Trump nella serata di venerdì aveva convocato alla Casa Bianca i rappresentanti repubblicani eletti nell’assemblea legislativa del Michigan, con un obiettivo: convincerli a designare dei “grandi elettori” che voterebbero per lui come presidente. Il problema è che i cittadini del Michigan hanno scelto Biden.
Il piano di Trump è legato a una peculiarità del sistema elettorale americano: sostanzialmente, la scelta del presidente avviene a suffragio universale, formalmente invece si tratta di una sorta di voto indiretto.
I passaggi sono due: prima ogni Stato deve certificare il verdetto delle urne; poi è l’assemblea legislativa dello Stato a designare i membri del collegio elettorale che travasano i voti dei cittadini a Washington e contribuiscono a designare il nuovo capo dell’esecutivo.
In teoria quindi le assemblee legislative locali possono anche disconoscere la volontà dei veri elettori e designare dei “grandi elettori” di segno politico opposto. Sarebbe una tale violazione della volontà popolare, da giustificare i paragoni con un golpe.
Trump ha sperato in questo scippo, perchè diversi Stati-chiave che hanno votato per Biden hanno dei Parlamenti locali con maggioranze repubblicane: oltre al Michigan è il caso di Wisconsin, Pennsylvania, Georgia.
Quella di Trump è una corsa contro il tempo perchè il suo piano è impossibile in quegli Stati che hanno già ufficialmente certificato il verdetto delle urne.

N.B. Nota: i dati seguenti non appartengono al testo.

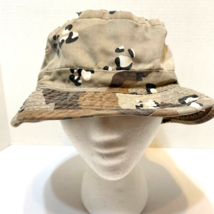 Kel and Ed Brown Animal Print Camo Bucket Fishing Sun Hat Womens Size Large - £8.35 GBP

Michigan, Wisconsin, Pennsylvania e Georgia sono molto vicini a compiere quel passo irreversibile. La pressione di Trump sugli eletti locali del suo partito è stata formidabile, il che rende ancora più significativo il fatto che i due eletti del Michigan non si siano piegati. Il calendario ormai si fa stretto per lui: entro l’8 dicembre gli Stati devono aver certificato i risultati, in modo che il 14 dicembre avvenga la conta a livello nazionale.

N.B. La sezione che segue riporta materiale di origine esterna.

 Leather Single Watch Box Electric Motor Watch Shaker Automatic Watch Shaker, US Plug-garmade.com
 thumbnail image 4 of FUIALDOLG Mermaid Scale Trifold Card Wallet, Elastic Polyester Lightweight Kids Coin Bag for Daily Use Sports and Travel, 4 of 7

Perchè i Parlamenti dei singoli Stati ribaltino la volontà degli elettori, devono avere delle solide giustificazioni: brogli massicci, contese giudiziarie che impediscano di arrivare alla certezza del risultato. Ma la squadra legale di Trump continua a perdere nei tribunali le cause avviate per presunte frodi.

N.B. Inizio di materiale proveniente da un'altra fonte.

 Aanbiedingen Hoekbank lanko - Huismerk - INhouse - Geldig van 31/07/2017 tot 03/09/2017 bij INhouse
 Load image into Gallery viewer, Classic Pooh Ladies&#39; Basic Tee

E’ riuscita a ottenere dei ri-conteggi di schede contestate, ma nessuno di questi finora ha ribaltato il risultato.
Il sospetto in certi casi è che abbia voluto guadagnare tempo per avvicinarsi alla data dell’8 dicembre senza che gli Stati abbiano potuto certificare l’esito finale del voto, aprendo così allo scenario dello “scippo” in sede legislativa locale.
Le macchinazioni di Trump suscitano condanne anche nel suo partito. Come sempre il capofila dei dissidenti è Mitt Romney, ex candidato alla Casa Bianca nel 2012 contro Barack Obama. Senatore dello Utah, il repubblicano Romney ha avuto parole durissime contro il suo presidente: “Essendo fallito ogni tentativo di dimostrare brogli, il presidente ora fa pressione sugli eletti locali per sovvertire la volontà popolare e ribaltare il responso del voto. E’ difficile immaginare un comportamento più antidemocratico da parte di un presidente in carica”.
La ferma reazione dei due repubblicani del Michigan sembra indicare che Romney non è più una voce isolata nel Grand Old Party, e la solidarietà verso il presidente uscente si sta indebolendo.